RCMP badge and motto

The badge

The story of our badge and motto is one of legend and mystery, dating back to the North-West Mounted Police (NWMP). A fire in the West Block of the Parliament Buildings in 1897 destroyed most of the NWMP's 19th century records.

This leaves us with no official record of how or when our badge and motto were chosen. Despite the uncertainty, we do have some leads.

The badge

We know the original buffalo head badge first appeared on an officer's pouch (sabretache) in 1877. This means the badge was likely selected while Commissioner George Arthur French was in command (1873 to 1876).

Did you know

Coat of Arms of Canada

Our buffalo head emblem is considered a badge, rather than a crest.

A badge, like our buffalo head, is a distinctive symbol worn as a sign of allegiance or membership. Our badge is also registered in the Public Register of Arms, Flags and Badges of Canada. That means it can only be referred to as a badge.

Whereas a crest is an emblem placed on a helmet, which is above the shield in an illustration of a coat of arms. For example, the lion at the top of the Coat of Arms of Canada is considered a crest.

The buffalo head

The origin of the North American bison as the symbol of the NWMP is unknown. One historical account notes a possible connection to the March West in 1874 and Assistant Commissioner James Macleod.

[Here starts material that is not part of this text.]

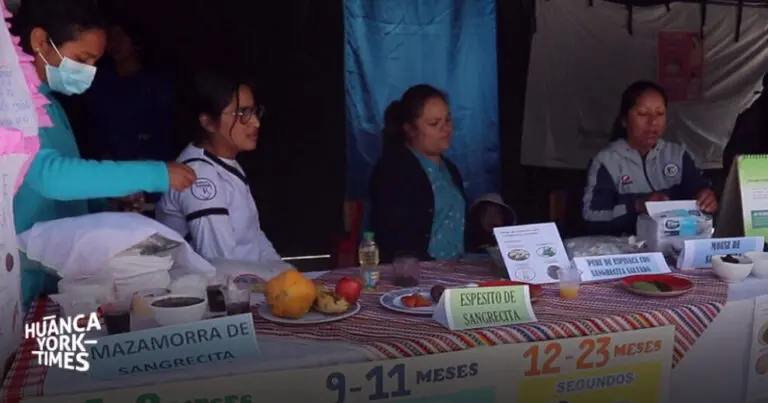 Huancayo: Municipalidad de El Tambo recibirá S/ 1 millón por trabajar en la reducción de la anemia - Perú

Assistant Commissioner Macleod was said to have been impressed with the great herds of prairie buffalo. So much so, he thought it was a "splendid" idea to have the buffalo head on the buttons of the members' tunics. That suggestion was later adopted.

Assistant Commissioner Macleod's influence

Assistant Commissioner Macleod was a former chieftain of the Scottish Clan Macleod of Dunvegan. This had a very clear, though unconfirmed, influence on the original NWMP badge.

The Scottish Clan Macleod of Dunvegan's badge included a bull's head, similar to the buffalo head. The oval surrounding the head in the NWMP badge also had a belt buckle at the bottom. This was a device of the badges of the Highland clans.

Badge design

The first official description of the badge with our motto appeared in the dress regulations for officers. It was published in Order-in-Council 1890-0192, dated January 24, 1890.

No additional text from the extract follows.